Often our mind loses the battle, and our Automatic System has it’s way. Nudge is a book about how government can structure choices to encourage us to make better decisions – the decisions our Reflective System wants us to make. I enjoyed the book, although I found the chapters on retirement savings and Medicare choices a bit dull. That might just be a generational thing though, Medicare probably won’t even be around by the time I’m eligible for benefits. Thaler and Sunstein make a lot of practical policy recommendations, many of which I would advocate. However, I take issue with their assumption that our true preferences are always those made by our Reflective System.

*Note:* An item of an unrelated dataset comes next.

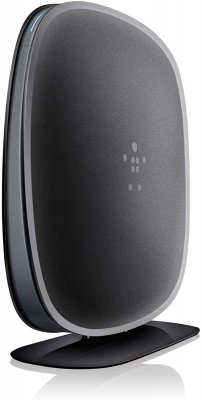 Belkin N450 Router Router Image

Part of what makes us different from animals is that we can think abstract thoughts and control our impulses. Clearly, our Automatic System gets us into trouble sometimes. We overeat, we procrastinate, we take stupid risks, we make choices today that we’ll regret tomorrow. However, our Reflective System also make systemic errors. It often does a very poor job of anticipating the costs and pleasures that will be very salient at a moment in time. When my Reflective System commits to running stairs early in the morning it underestimates both the joy of a little more sleep and the pain my calves will endure. A malfunctioning Reflective System is at fault when someone commits to an ambitious hike only to collapse from exhaustion before he can complete it. Poor reflective decisions cause us to overextend ourselves and stress us out. As an undergraduate, my Reflective System decided to take an overly ambitious course load that left me burnt out and exhausted half-way through the semester.
Moreover, we need our Automatic System to motivate and inspire us. I occasionally write letters to the editor of my collegiate newspaper. My Reflective Systems tells me this is something I would like to do, but my emotional response to truly bad editorials motivates to respond. And, my emotional response is what makes my letter worth reading. Try writing a touching letter, toast, or speech without accessing the emotional, personal, side of yourself. You will fail.
Libertarian paternalism has a lot of merit. We should structure choices to encourage people to save more, donate their organs, make smart investments, and consider the true costs of their actions. But, the Reflective System isn’t infallible and it isn’t always possible to tell what is in someone’s best interest. It is easy to say that I should have studied more for a test. I might even want to engage in a binding commitment to study more in the future. But, the Reflective System often ignores the opportunity cost of doing so: playing basketball, reading a book, cooking a meal, talking with a friend. Quality of life can’t be encompassed by stationary measures like our weight, savings etc. We shouldn’t ignore the utility from a fleeting pleasure, be it chocolate or sleep.